Zimbabwe is currently facing its worst power shortages in years after low water levels at Kariba Dam forced the power utility to cut generation levels.
Kariba, the country’s largest power station, is producing 358 megawatts (MW) per day from an average of 542MW, while the thermal station, Hwange, is generating some 500MW, way below its installed capacity of 900MW, because of antiquated and faulty generators, leaving a deficit of about 1 800MW.
The country has instituted an intensive load-shedding exercise, which has seen households and industry go for up to 16 hours a day without power.
Finance and Economic Development permanent secretary George Guvamatanga told a business meeting yesterday that the power crisis was on top of government’s agenda.

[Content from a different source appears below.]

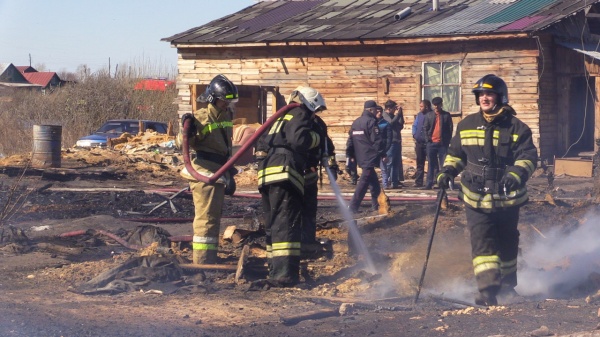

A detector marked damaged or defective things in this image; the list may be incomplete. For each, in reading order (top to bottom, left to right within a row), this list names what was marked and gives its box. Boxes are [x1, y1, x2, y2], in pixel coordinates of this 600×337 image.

“In US dollar terms, we are now charging 4 cents per Kw/h. You cannot expect electricity to be available. That was the same with fuel when it was wrongly priced and wrongly used. Price is also a bigger determinant of demand,” he said.
“So we are very much aware of those distortions in power tariffs. You cannot be sustainable, neither can government afford to fund that gap. So there has to be a review very, very soon”.
Previously, Finance minister Mthuli Ncube said government was reluctant to hike power tariffs, stressing that a tariff increase was highly untenable in the current environment and would only add to inflationary pressures.
But Guvamatanga’s comments indicate that government’s stance has changed as a result of the dire power crisis.
The power utility has been calling for a review of electricity tariffs by as much as 30% to reflect the rise in production costs following the devaluation of the local currency in February.
Neighbours Mozambique and South Africa have also cut electricity exports to Zimbabwe over non-payment of debts estimated in the region of US$80 million.
Just this week, Harare managed to pay US$10 million to South Africa’s Eskom towards settlement of that debt.